**EXERCISE BRIEF:**
Using the data that follows, give again word for word the lines between the one holding "New Zealand Birds" and the one holding "Planets in Space Birthday Card", inclusive. Omit the pictures.
▽
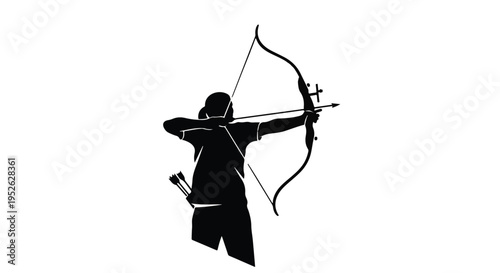 Archer aims a bow and arrow during a competitive sports event in a black silhouette.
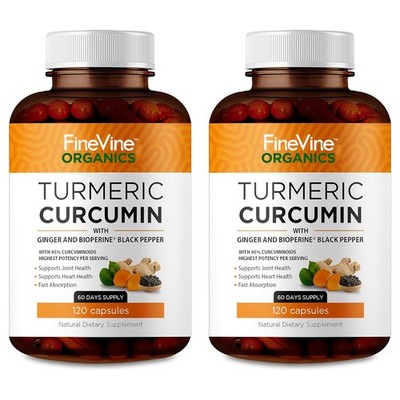 Turmeric Curcumin 95% Curcuminoids with BioPerine Black Pepper & Ginger Extract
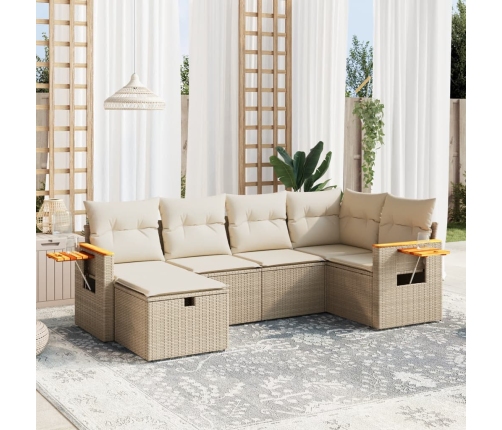 Juego de sofás jardín con cojines 6 pzas ratán sintético beige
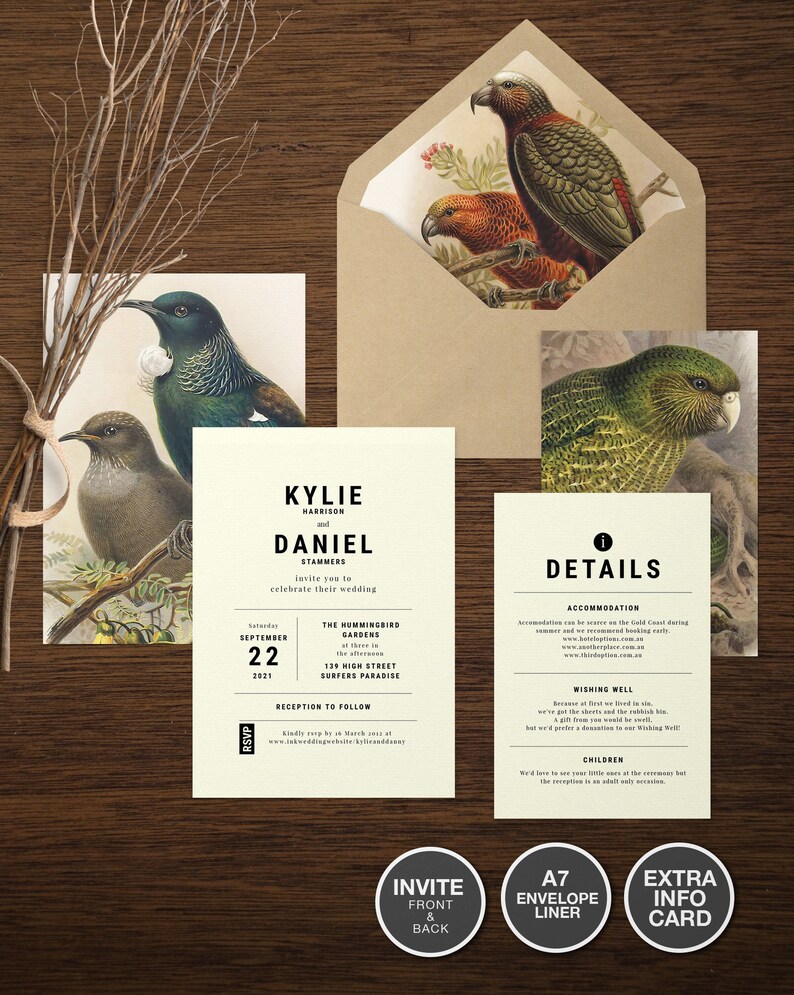 New Zealand Birds Wedding Invitation Templates Downloadable Etsy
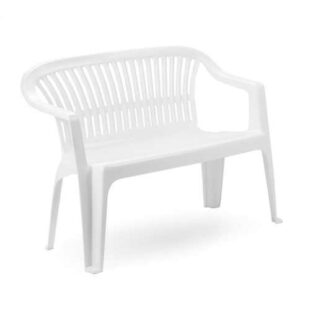 Bílá plastová lavička Diva v klasickém designu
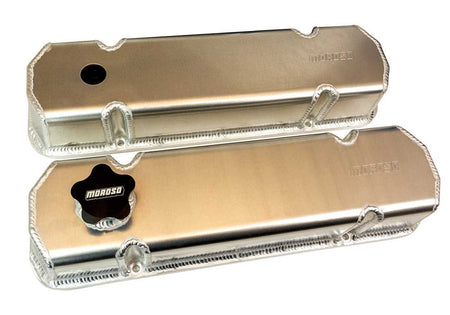 Moroso Fabricated Aluminum Tall Valve Covers - Pontiac V8 (Pair)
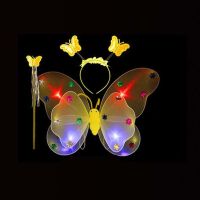 儿童礼物发光单层双层蝴蝶翅膀三件套天使翅膀表演道具魔法棒背饰|三件套黄色(发光)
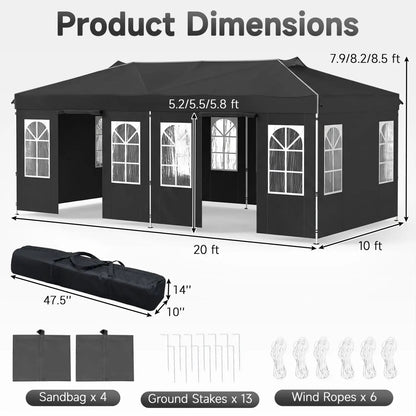 Pop Up Canopy Tent 10x20 Ft With 6 Sidewalls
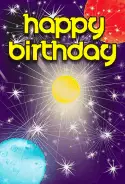 Planets in Space Birthday Card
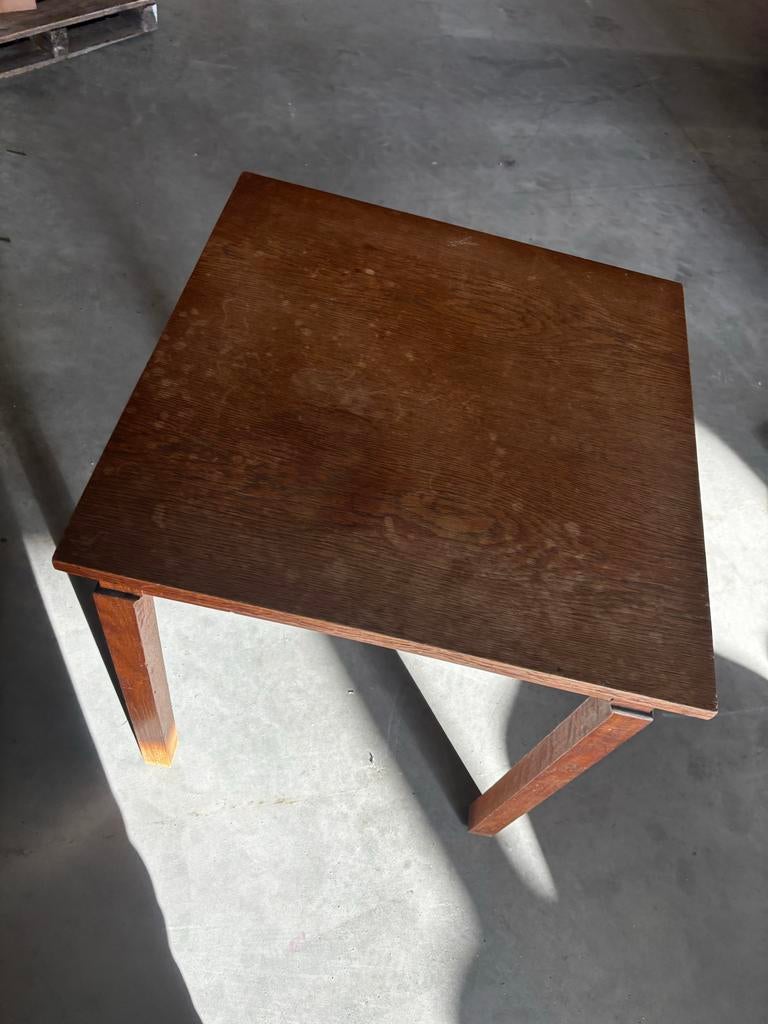 Houten bijzettafel - Vierkant, Huis en Inrichting, Ophalen, Minder dan 45 cm, Gebruikt, Vierkant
△
**TASK ANSWER:**
 New Zealand Birds Wedding Invitation Templates Downloadable Etsy
 Bílá plastová lavička Diva v klasickém designu
 Moroso Fabricated Aluminum Tall Valve Covers - Pontiac V8 (Pair)
 儿童礼物发光单层双层蝴蝶翅膀三件套天使翅膀表演道具魔法棒背饰|三件套黄色(发光)
 Pop Up Canopy Tent 10x20 Ft With 6 Sidewalls
 Planets in Space Birthday Card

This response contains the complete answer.